Waymo, the Google (googl) project that spun out to become a business under Alphabet, is inviting hundreds of people to test its self-driving Fiat Chrysler Pacifica Hybrid minivans in a trial that will give users broad access to its fleet any day, at any time.

The company made the announcement on Tuesday, also disclosing that it will add another 500 self-driving minivans to its fleet—a sixfold increase as it prepares to ramp up its operations and move into more communities.

“The collaboration between FCA and Waymo has been advantageous for both companies as we continue to work together to fully understand the steps needed to bring self-driving vehicles to market,” Fiat Chrysler Automobiles CEO Sergio Marchionne said in a statement.

Fiat Chrysler will ramp up production of the minivans in May. Once Waymo takes delivery of the vehicles, the company will outfit the minivans with its self-driving technology.

Neither company said when these 500 new vehicles would be on the road. The vans will be spread throughout communities where Waymo is currently testing on public roads, including Austin, Texas, Kirkland, Wash., Mountain View, Calif., and Phoenix, Ariz.

Waymo’s early rider program will be open to applicants from those living in towns within the greater Phoenix area, including Chandler, Gilbert, Mesa, and Tempe.

A handful of families have already been using Waymo’s self-driving cars for the past two months. This larger-scale public trial will be open to “hundreds of people with diverse backgrounds and transportation needs who want to ride in and give feedback about Waymo’s self-driving cars,” CEO John Krafcik wrote in a blog posted Tuesday on Medium.

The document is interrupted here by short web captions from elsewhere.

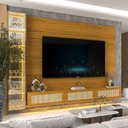 Ver imagem 1 de Estante Home para TV até 85 Polegadas LED Vidro Reflecta Rattan 100% MDF 217,6CMX255,2cm Luminare Native Marrom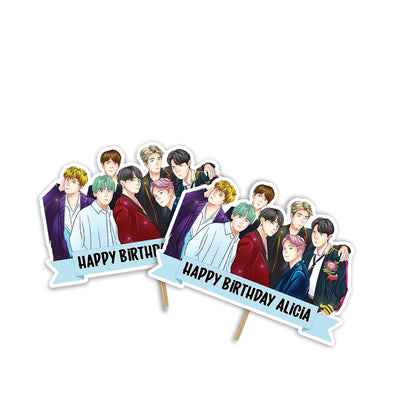 BTS themed personalized cake toppers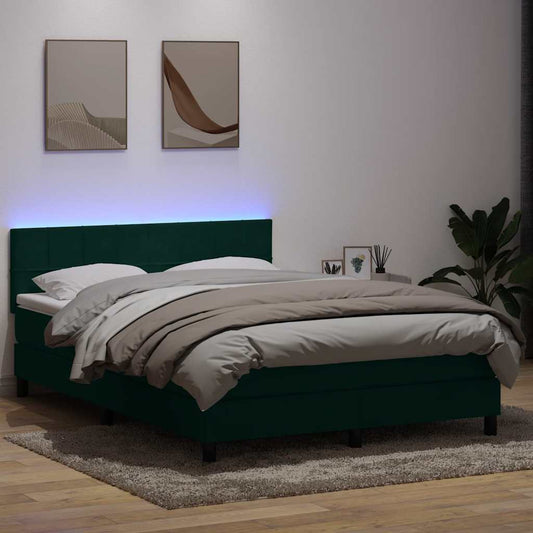 Boxspring met matras fluweel donkergroen 140x210 cm
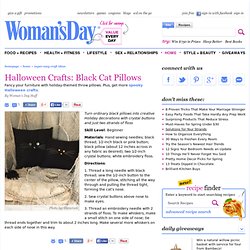 Halloween Crafts- Black Cat Pillows at WomansDay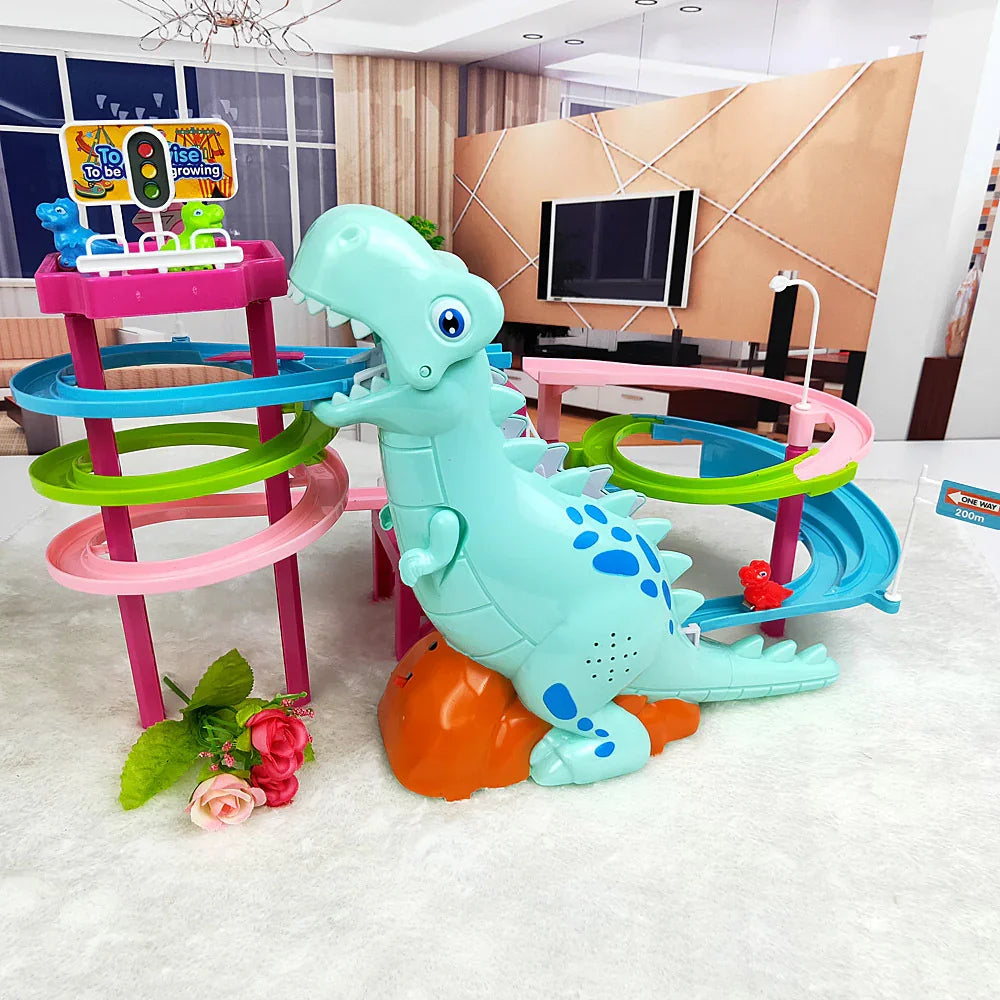 Light blue dinosaur toy with blue spots and a multi-color spiral racetrack on white carpet
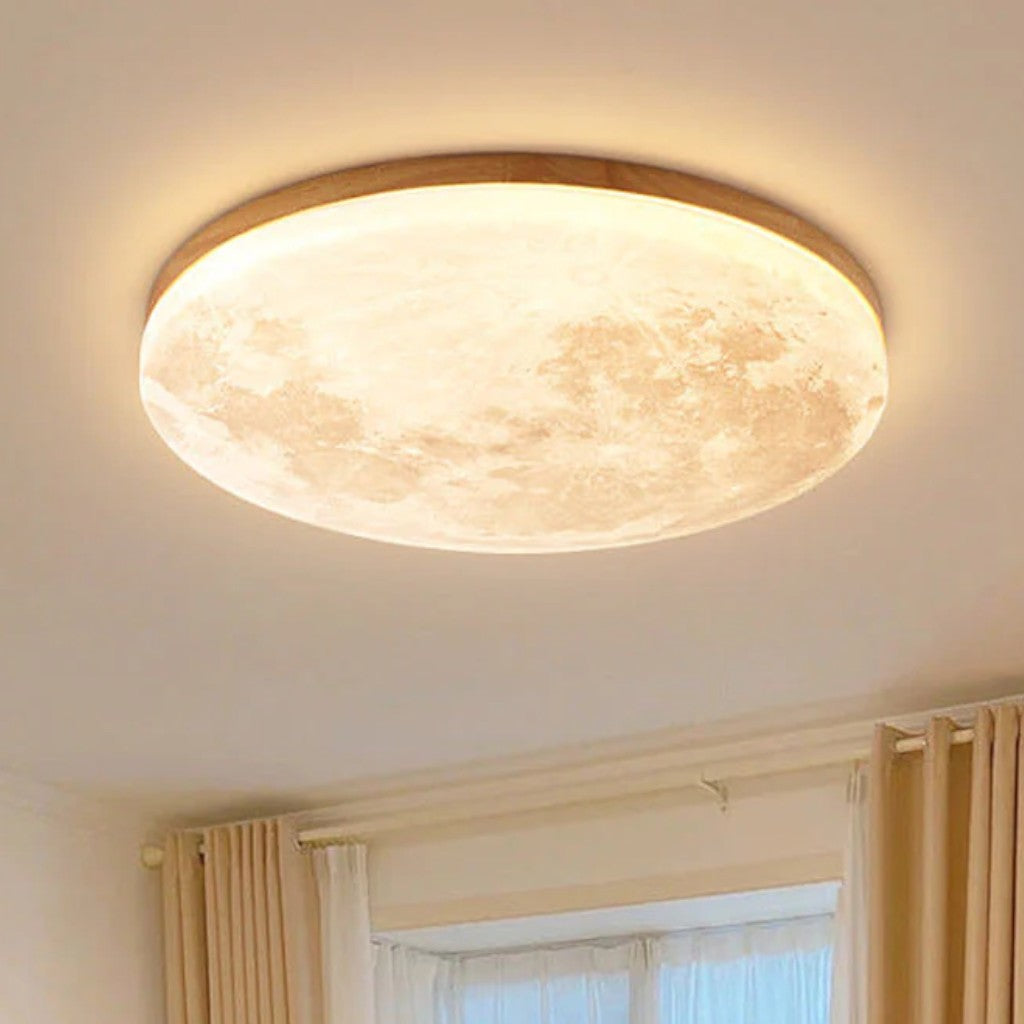 Moon LED Ceiling Light with Wooden Frame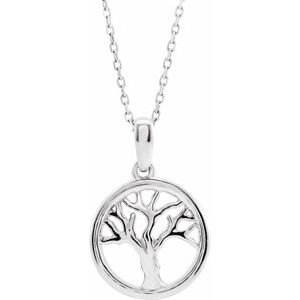 14K White Tree of Life 16-18" Necklace - BN & CO JEWELRY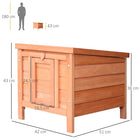 PawHut - Clapier en bois pour lapin, cage à lapin, maison pour chat d’extérieur - 20 po L x 16,5 po l x 17 po H - orange-Toit unique à charnières pour un nettoyage facile, s'ouvrant et se fermant librement 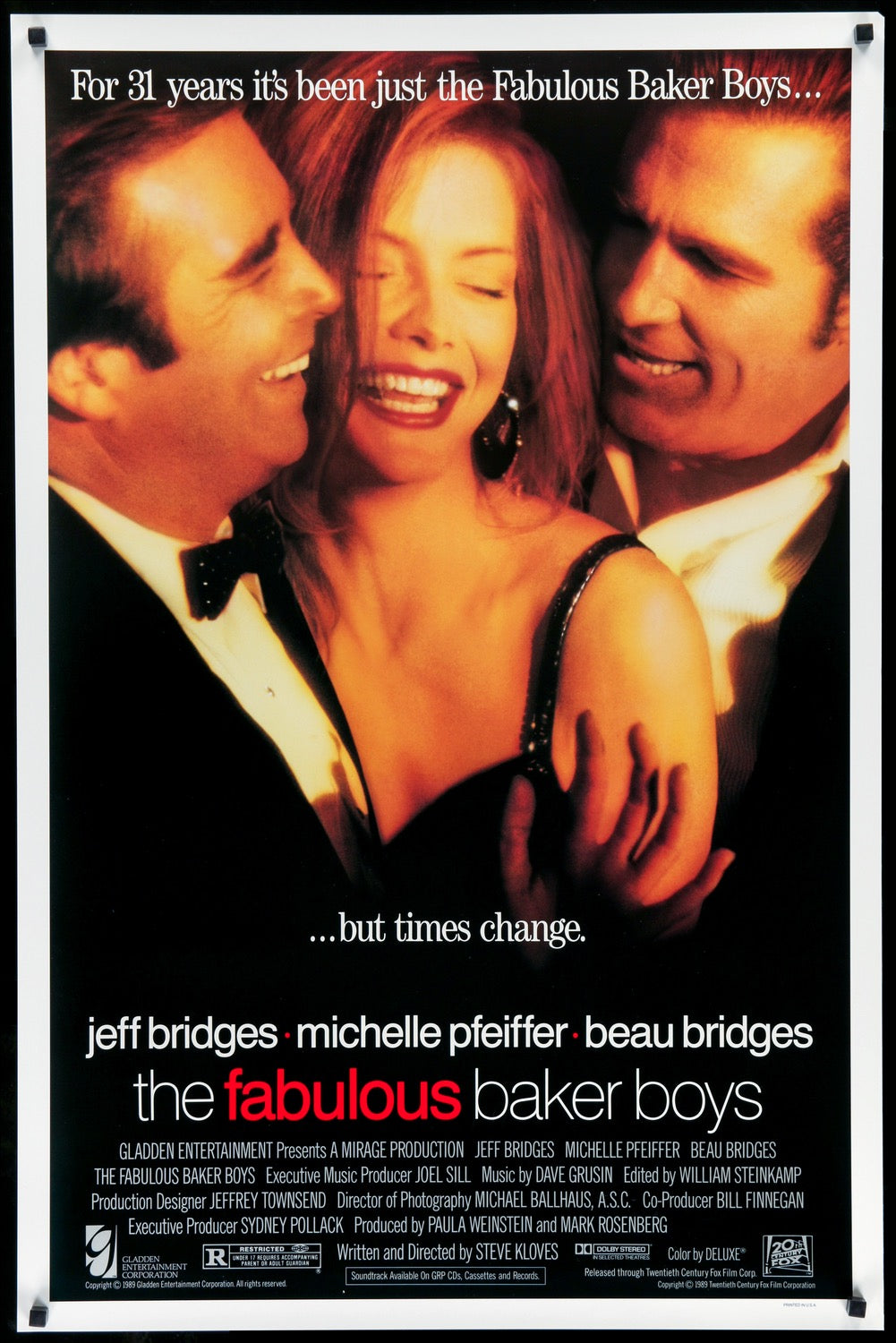 Fabulous Baker Boys (1989) original movie poster for sale at Original Film Art - Vintage Movie Posters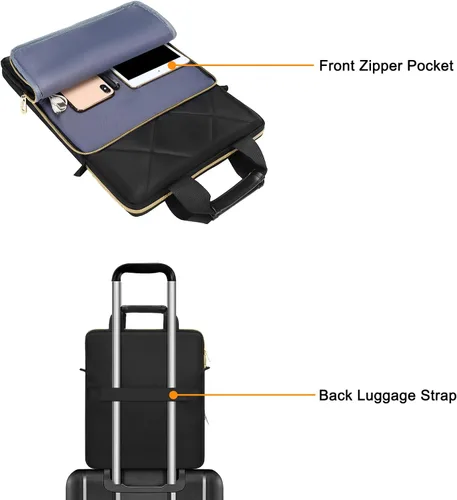 Miniatura 5 de MOSISO Vertical Laptop Bag,Computer Bags,Rhombus Quilted Laptop Shoulder Bag with Trolley Sleeve&Pocket&Handle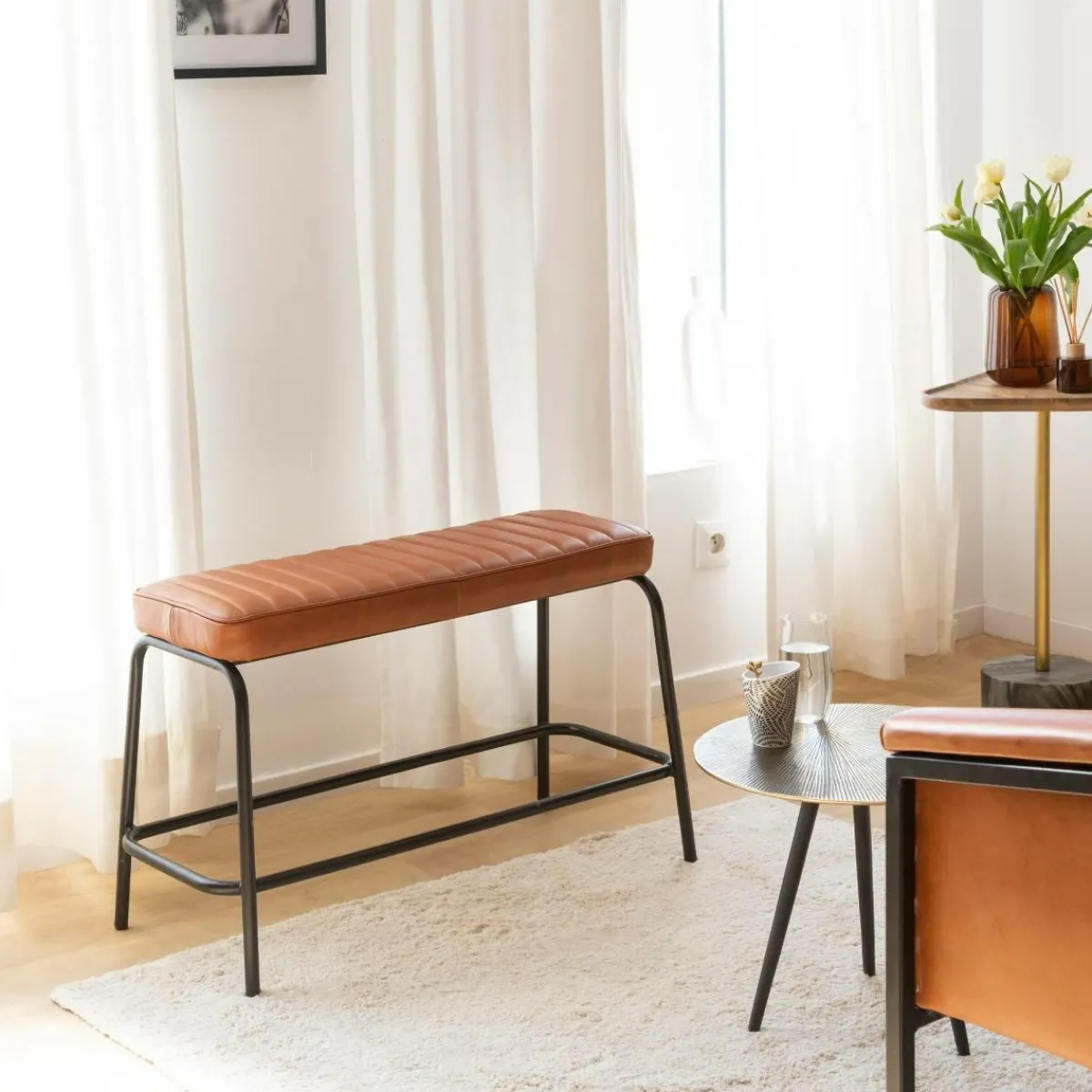 Made in Meubles Banc en cuir marron et métal noir Lucien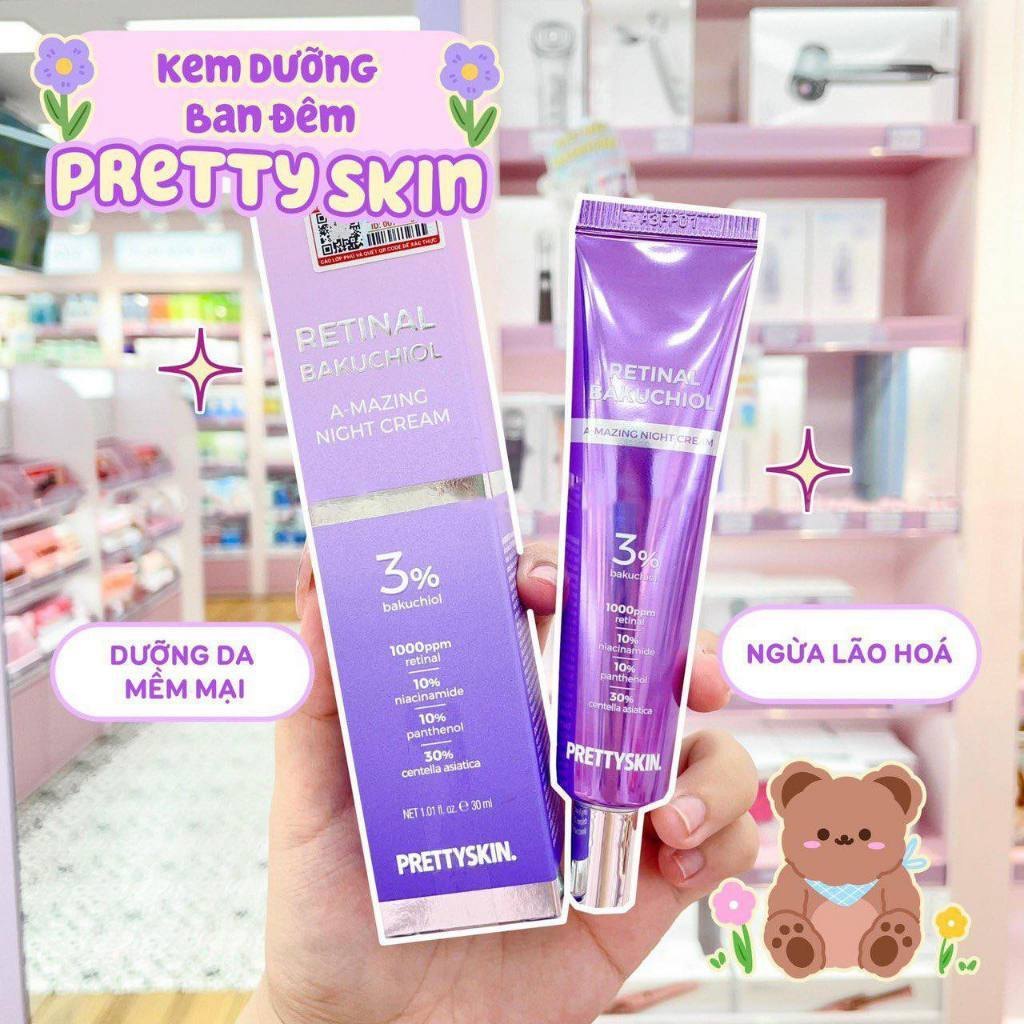 KEM DƯỠNG PRETTYSKIN RETINAL BAKUCHIOL A-MAZING NIGHT CREAM TÁI TẠO PHỤC HỒI TRẺ HÓA LÀN DA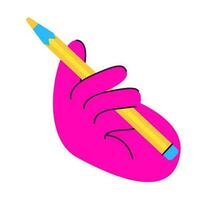 The hand is holding a pencil. Flat vector illustration. Modern style. Icon. Hand.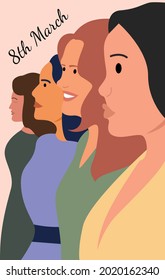 Greeting card or poster for March 8 with women of different nationalities and cultures. Equality women's day or happy women's day. Vector flat illustration.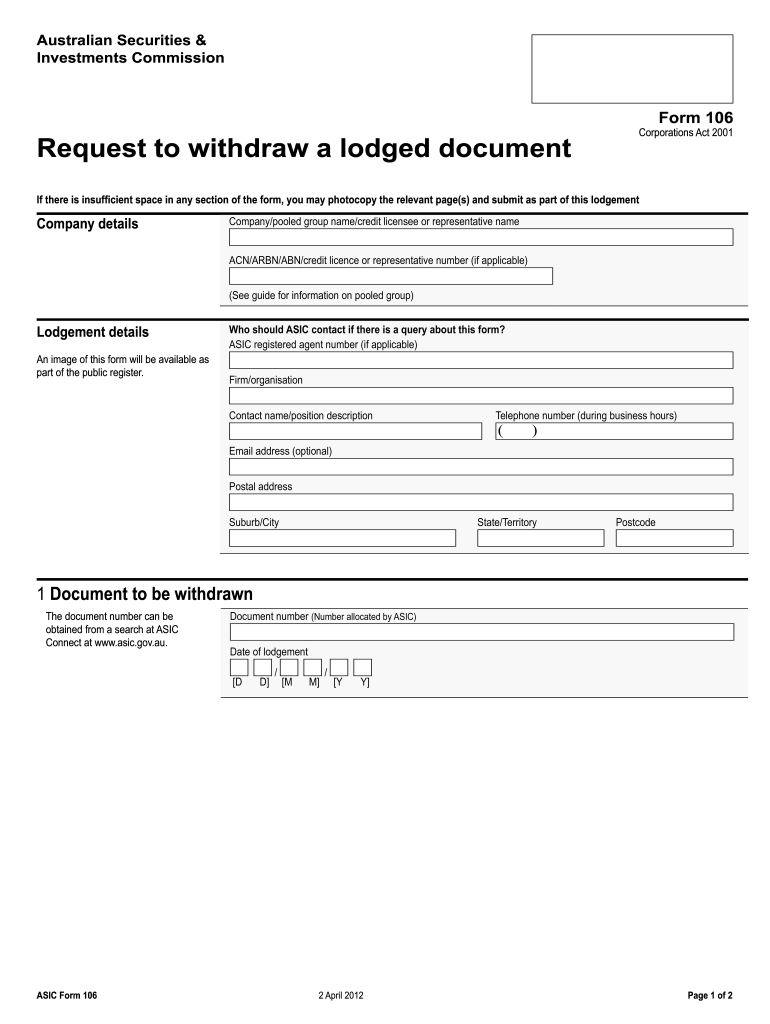  Form 106 Request to Withdraw a Lodged Document  Australian    Asic Gov 2012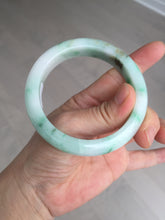 Load image into Gallery viewer, 55.8mm certified type A 100% Natural sunny green white white green flying flowers jadeite jade bangle AX129-5234
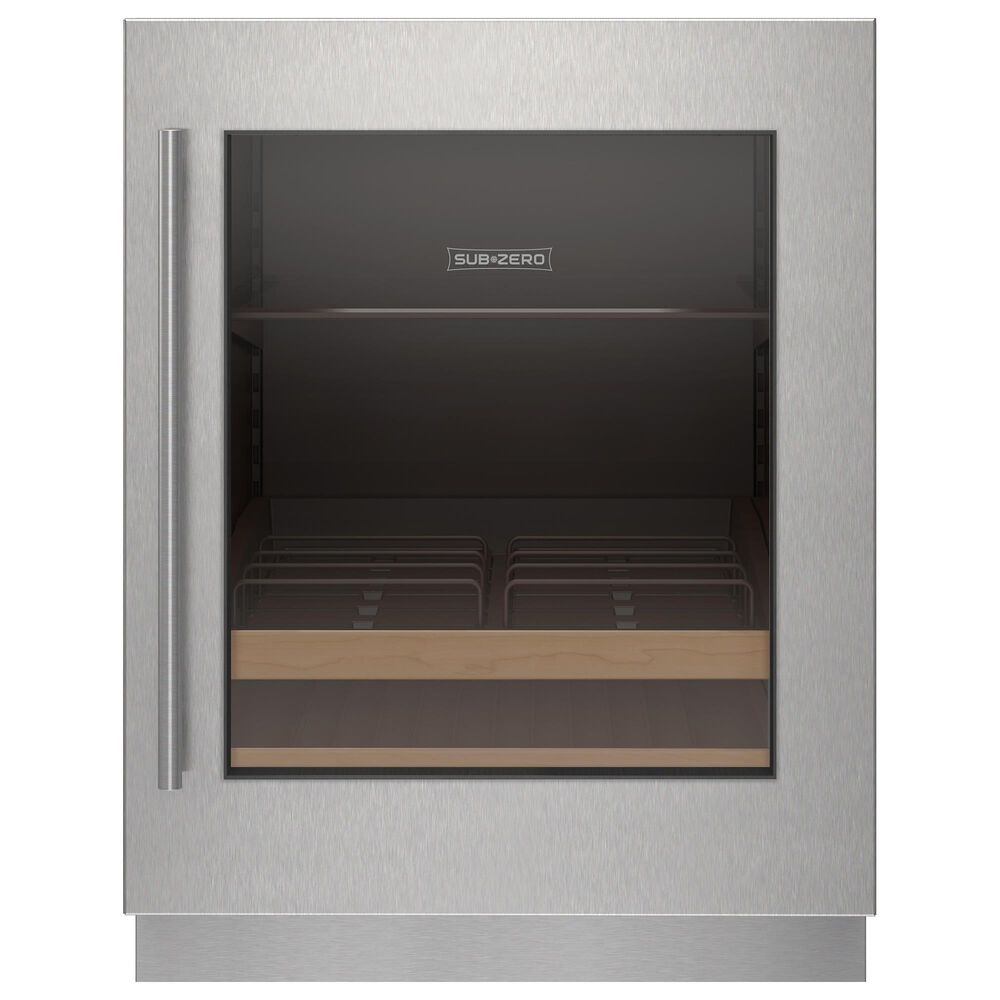 Sub-Zero 24" ADA Undercounter Right Hinge Glass Door Panel with Tubular Handle in Stainless Steel, , large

“Rather than offering people one or two rides, the goal of this program is to give participants access to our fleet every day, at any time, to go anywhere within an area that’s about twice the size of San Francisco,” Krafcik wrote.

The company also released the following video, highlighting a Phoenix couple with four kids who have reportedly been using the vehicles for the past month.

“It gives me a lot of freedom, because I get to go where I want to go, instead of having to ask to get driven around everywhere,” a participant says in the promotional video.

 

To be clear, there will be a Waymo test driver in every self-driving minivan. The test driver can take control of the vehicle if needed, though the aim is for the entire ride to be autonomous. Those accepted into the early rider program will use an app developed by Waymo to order a self-driving vehicle.

Waymo says it will use the intel it gathers during this trial to test how people use the autonomous vehicles in their daily lives. The company wants to learn how everyday folks most effectively communicate with the vehicle, and what the experience is like as a passenger, rather than a driver.

“Everything we learn in this program will apply to all kinds of self-driving products and services, from personal cars to public transportation to ride-hailing, carsharing, logistics and more,” Krafcik wrote.